Construction financing - what can we afford?

  • Erstellt am 2016-05-10 22:02:02

Saarschwabe

2016-05-10 22:02:02
  • #1
Hello dear forum community,

we (m 29 and f 29) are currently dreaming (like so many others) of building a house.
A few facts about us:

- both teachers (civil servants) full-time
- almost €6000 net, minus private health insurance leaves around €5500
- currently renting (€700 cold rent)
- so far childless (we would like to have a first child in the next 2-3 years and then a second child in the following years. My wife would like to go back to full-time work after one year each, God willing and if our wishes in this regard come true)
- no outstanding loans
- so far almost €25,000 equity (increasing by €2500 monthly)

After a long search, we have finally found a suitable plot of land and obtained an option for it until 30.06.

Our thoughts on this:

- The plot costs around €165,000 including ancillary acquisition costs
- We would like to build a single-family house with around 170m² (including basement) and estimate €350,000 for this
- It is a hillside plot (solid rock) with an 11m incline over 30m

Unfortunately, we lack corresponding experience here and are therefore more or less fishing in the dark regarding the expected additional costs. (Contact with an architect will follow in the coming days)
We estimate: approx. €15,000 for the retaining wall, €40,000 for the double garage, €20,000 for an access road (garage is to be set about 2 meters higher), €40,000 for the outdoor area, €20,000 for photovoltaics.

This brings us to roughly €650,000 (!)

Financing:
For financing, we assume the following values:
- €2000 monthly
- 1.8% effective annual interest, 2% repayment (possible KfW funding not included)
- Interest fixed for 20 years
- Special repayments up to €10,000 per year
- Loan repayment end after approx. 35 years
- Securities by profession and conclusion of a risk life insurance (RLV)

Our questions:

Our household budget allows for just under €1000 margin for the (certainly upcoming in the next years) financing of 2 cars (and other things). Added to that would be (as mentioned, God willing) about €400 child benefit. However, our gut feeling says that we risk overextending ourselves with such a financing sum. What do you think?

Where do you currently see major mistakes in our planning? What are we overlooking? Where are we too naïve?

Many thanks for reading and best regards from Ostalb!
 

sirhc

2016-05-10 22:23:35
  • #2
For us, a house with about 40 m² less, also with a basement but without a slope and rock, costs about the same, with even some own contributions included.

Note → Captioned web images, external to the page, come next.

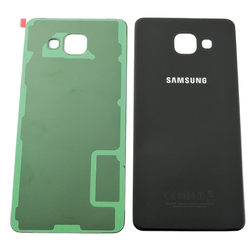 Zadní kryt Samsung A510 Galaxy A5 Black / černý, Originál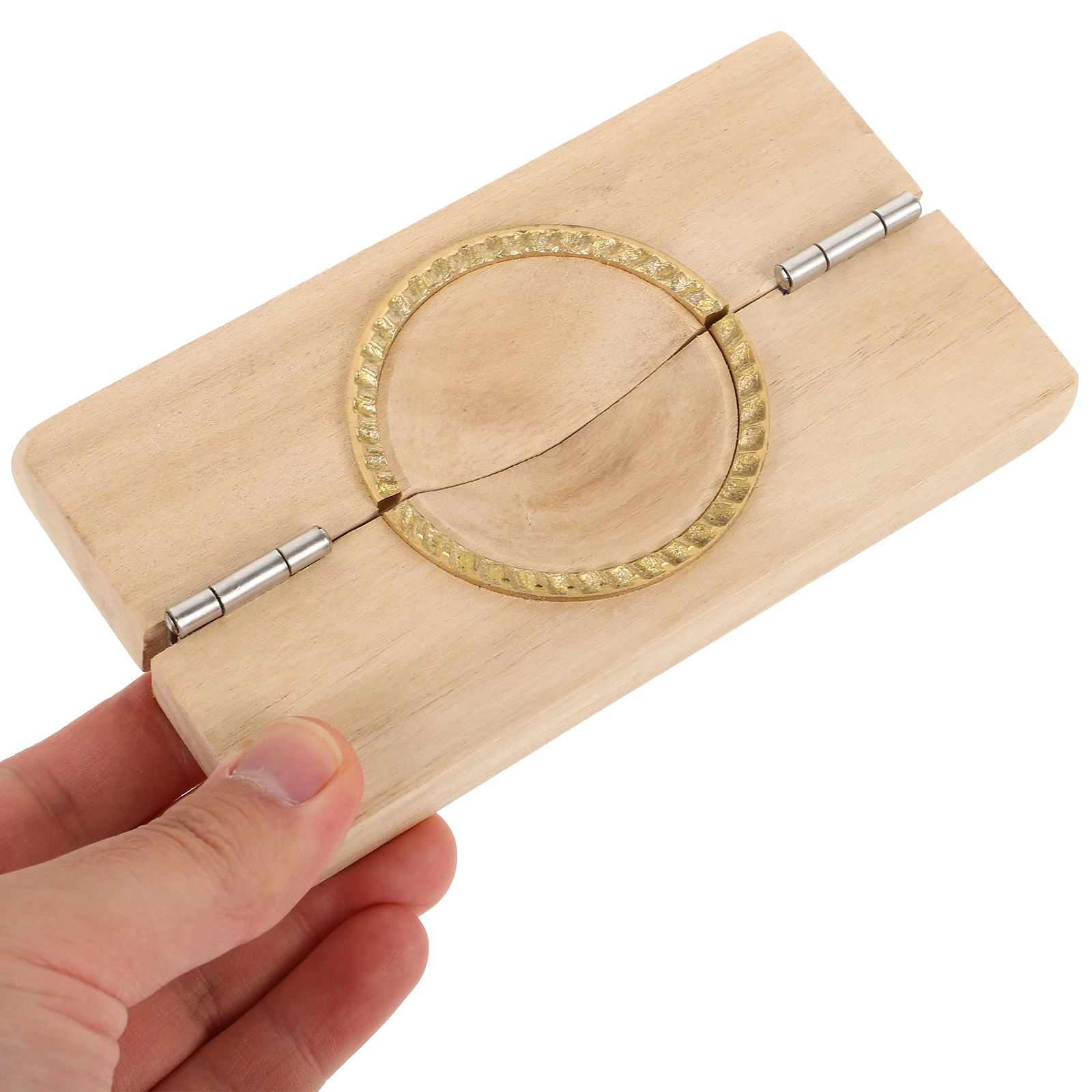 

Mold Kitchen Tools Household Multifunctional Pressed Dough Maker for Wontons Empanadas Reusable Press Compact Dumpling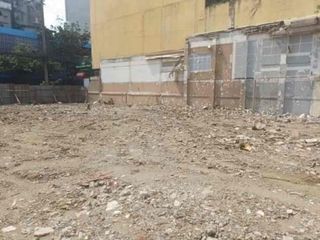 COMMERCIAL LOT FOR SALE IN MALATE MANILA ‼️ Near Robinsons Manila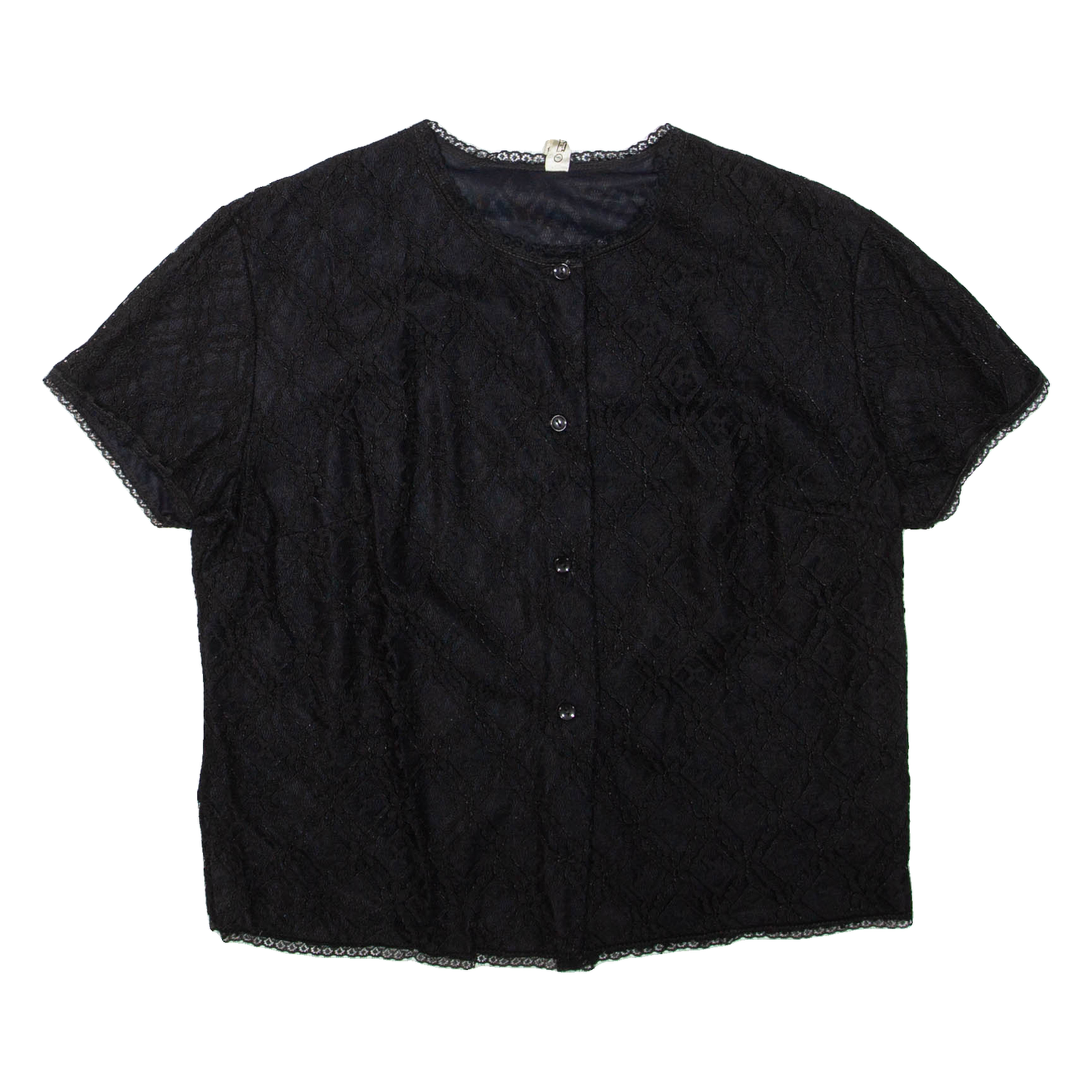 Womens Top Black M Refurbished - N/A refurbished available on Cerqular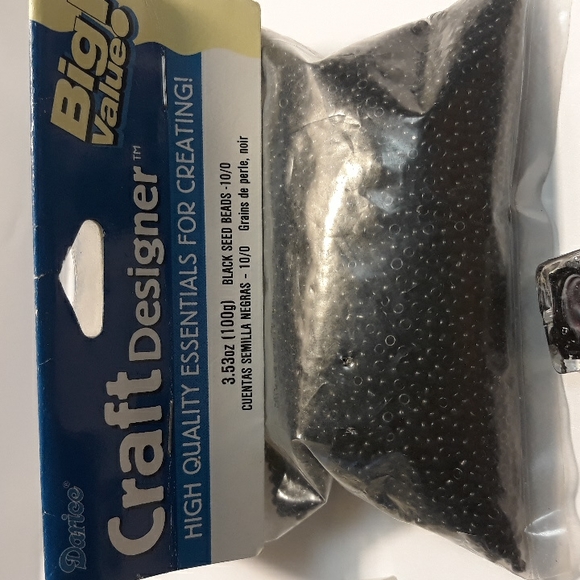 π₯50%offπ₯Black assorted beads - Picture 11 of 16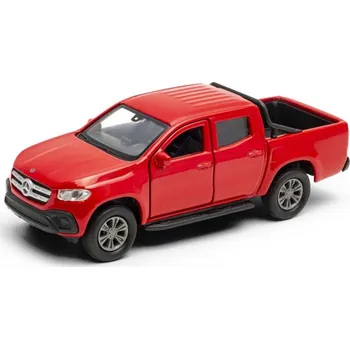 autíčko Welly Mercedes Benz X-Class 1:34
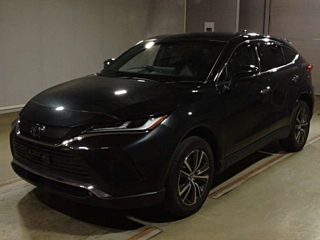 TOYOTA HARRIER 2022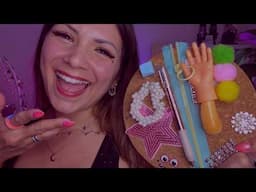 ASMR Fidget Board für Maximale Entspannung und Tiefen Schlaf
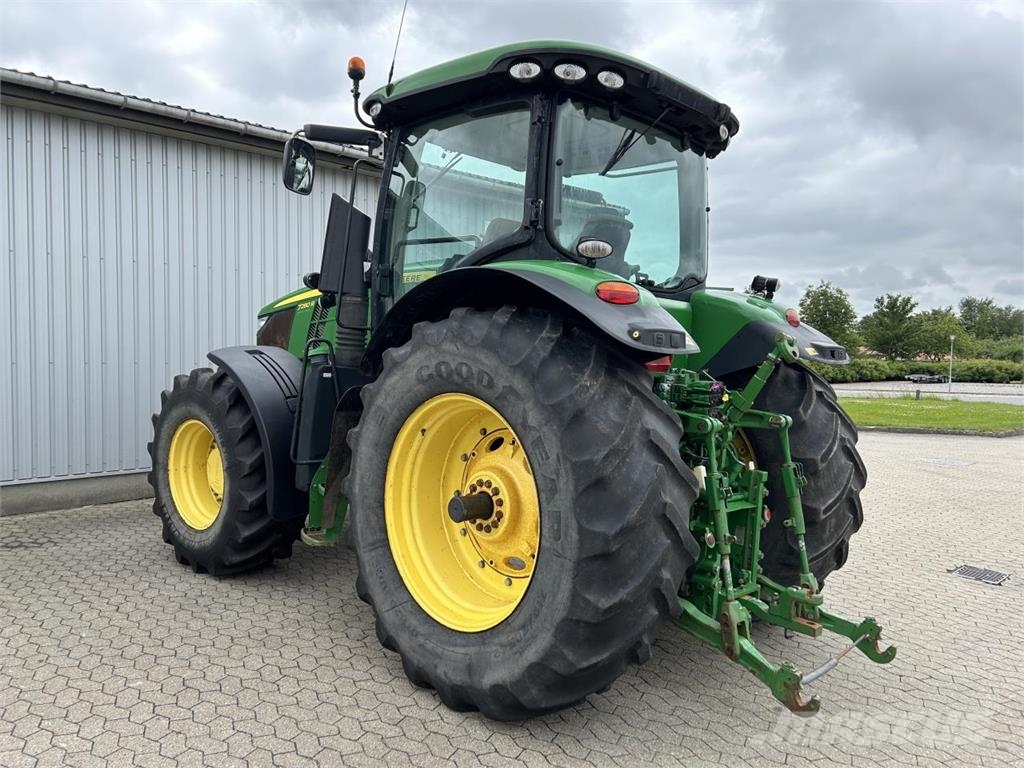 John Deere 7280R 트랙터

The costs for the house could be tight at that size. Especially the construction of a basement into the rock or in rocky soil can become really expensive. I basically consider the appraisal to be exaggerated, but for you it could actually be enlightening.

I would reduce the monthly rate by a quarter and instead work more with special repayments. The total sum is already enormous, the house bank can certainly provide an assessment in an initial conversation about the maximum amount that can be financed and the rate expected. Maybe own contributions or simply not doing everything at once will also help you. €40,000 for exterior facilities is quite a figure, and you certainly don’t need to have it perfectly developed from the start in order to live in the house.

I guess the tone is borderline up to you overextending yourselves.
 

Caspar2020

2016-05-10 22:31:47
  • #3


How big is the basement?


Children! Children cost more than child benefits. Children are also not insured under private health insurance for free; even if, thanks to subsidies, you only have to pay a little.

In addition, loss of earnings must be expected, at least in the first 1-3 years. Daycare places don’t just fall from the sky.


Where did you get these conditions from? Already been to a bank or broker?
I come up with a loan-to-value ratio of 96-98%, so your favorable conditions don’t quite fit.
 

77.willo

2016-05-10 22:37:43
  • #4


I agree. For a similar loan at 100% loan-to-value, I had to go to 4% repayment to get 1.7% for 15 years. But I am not a civil servant, just an employee.
 

HilfeHilfe

2016-05-11 07:01:06
  • #5
hello,

I assume you are financing through an insurance (Allianz or similar). 650k with 5,500 net income without children but desire for children. Phew... it’s getting tighter and the loan higher. Another thread was 485k with 5,850 net income.

also with the rock and 15k retaining wall sounds ambitious....
 

Musketier

2016-05-11 07:43:55
  • #6
Somehow the ancillary construction costs are missing in the entire calculation. I only find the 15K€ for the retaining wall.